17 December 2012

Tanzania: Minister Warns 'Unethical' Traders

MORE than 30 unofficial ports along the coastline in Dar es Salaam and Coast regions are linked with smuggling of substandard and counterfeit goods into the country.

Despite inspections by the Tanzania Bureau of Standards (TBS), Fair Competition Commission (FCC), Tanzania Revenue Authority (TRA) and the Tanzania Ports Authority (TPA) at official entry points, the problem has remained rampant.

The Minister of Industry and Trade, Dr Abdallah Kigoda, has strongly warned traders engaged in illegal business, especially those smuggling fake or substandard goods into the country to stop immediately.

He said the ministry in collaboration with the Police Force was now executing the campaign against illegal trade. Dr Kigoda ordered business people to remove all fake products from the shelves and stores before tough measures were implemented.

"The coastline along the Indian Ocean is long and some people take advantage of geography to play foul," he said. He said the presence of the 32 unofficial ports was earmarked in two regions, but the situation could be worse in other unidentified parts along the coastline and lakes across the country. "This," he said, "calls for swift measures to put to an end the costly malpractice."
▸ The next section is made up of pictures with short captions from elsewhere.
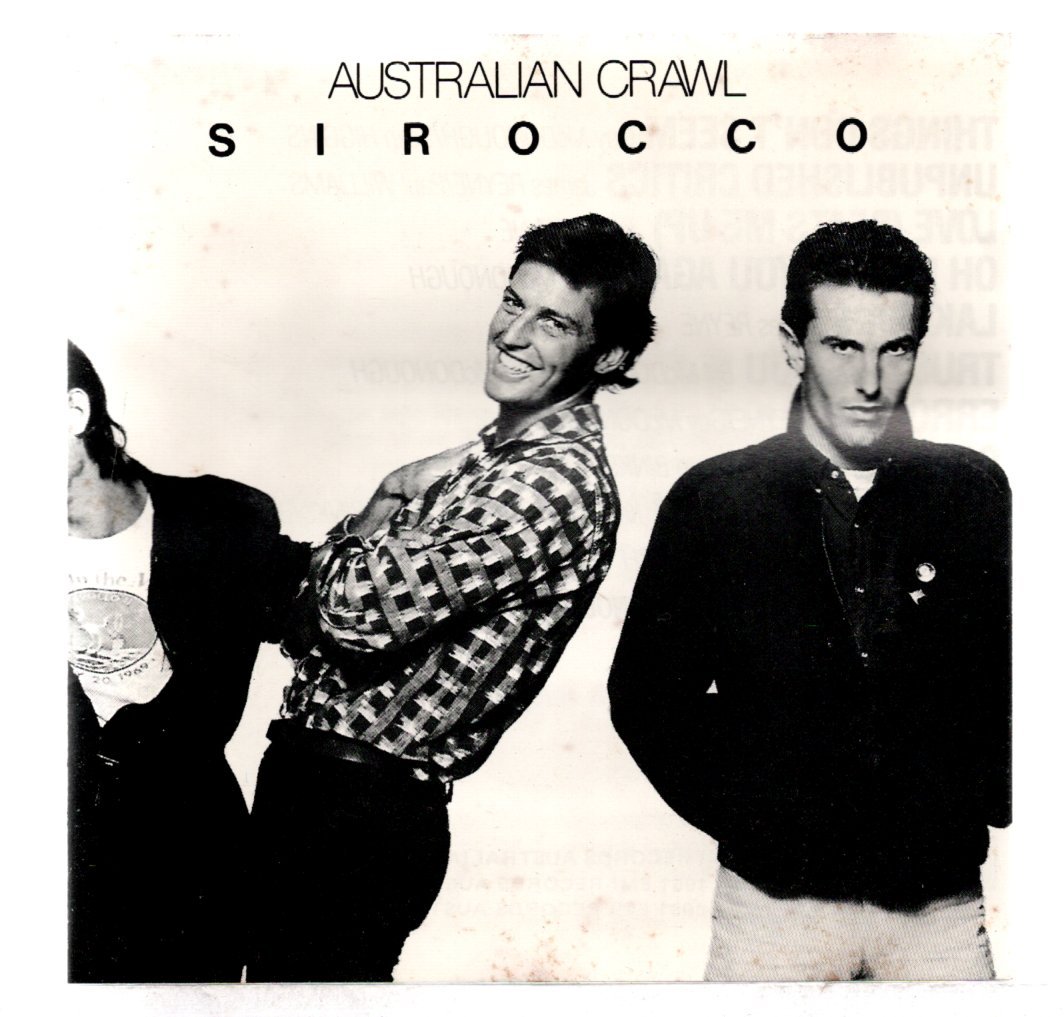 4553d9b188a4ec19da562f2aeeeaed97.jpg CD Australian Crawl Sirocco - Imagem 1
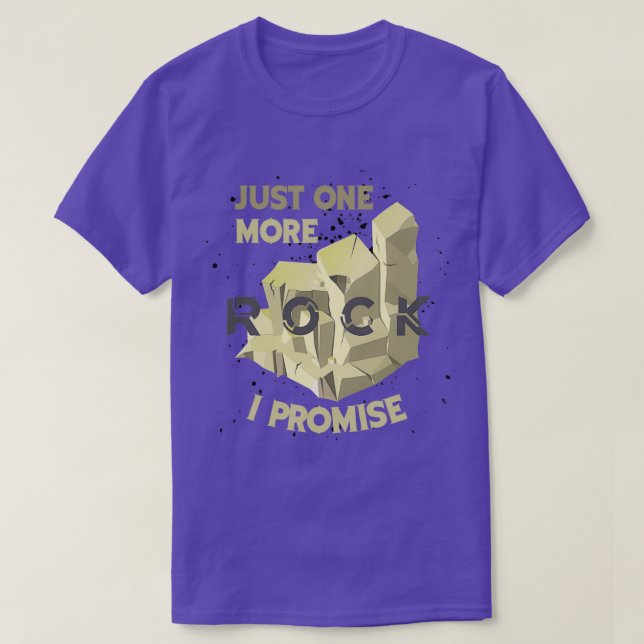 Just One More Rock I Promise mineral T-Shirt (Design Front)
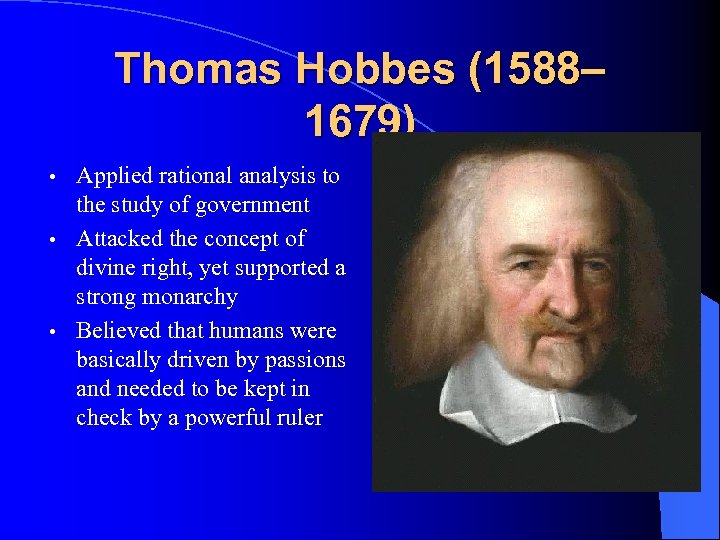 Thomas Hobbes (1588– 1679) Applied rational analysis to the study of government • Attacked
Recent statistics show that about 20 per cent of all imported goods into the country are fake, thus plunging the nation into massive revenue losses as well as health risks to its citizens. It is estimated that between 15 and 25 per cent of total domestic revenues are lost due to counterfeit imports.

Dr Kigoda told a press conference that the government was determined to uproot all culprits engaged in illegal business to protect the country's manufacturing sector. "The manufacturing sector has been suffering massive losses due to few individuals with intention to make quick gains.

It is unacceptable and the government will deploy all its respective instruments to put to an end the business," he said. He said the local market has experienced influx of substandard electric wares, motorcycles, bicycles, tyres and some consumable goods which have been causing losses to buyers.

The last year's figures reveal an annual loss of between 540bn/- and 900bn/- due to tax evasion related to counterfeit and substandard goods. Dr Kigoda called upon importers of substandard motorcycles to stop immediately as it was raising serious concern due to losses incurred by consumers in a short span of time.

Apart from providing employment to the youths, but it is continuously costing the nation lives due to accidents. For example, between January and November this year, 1,997 accidents were reported, costing lives of 140 people in Dar es Salaam alone.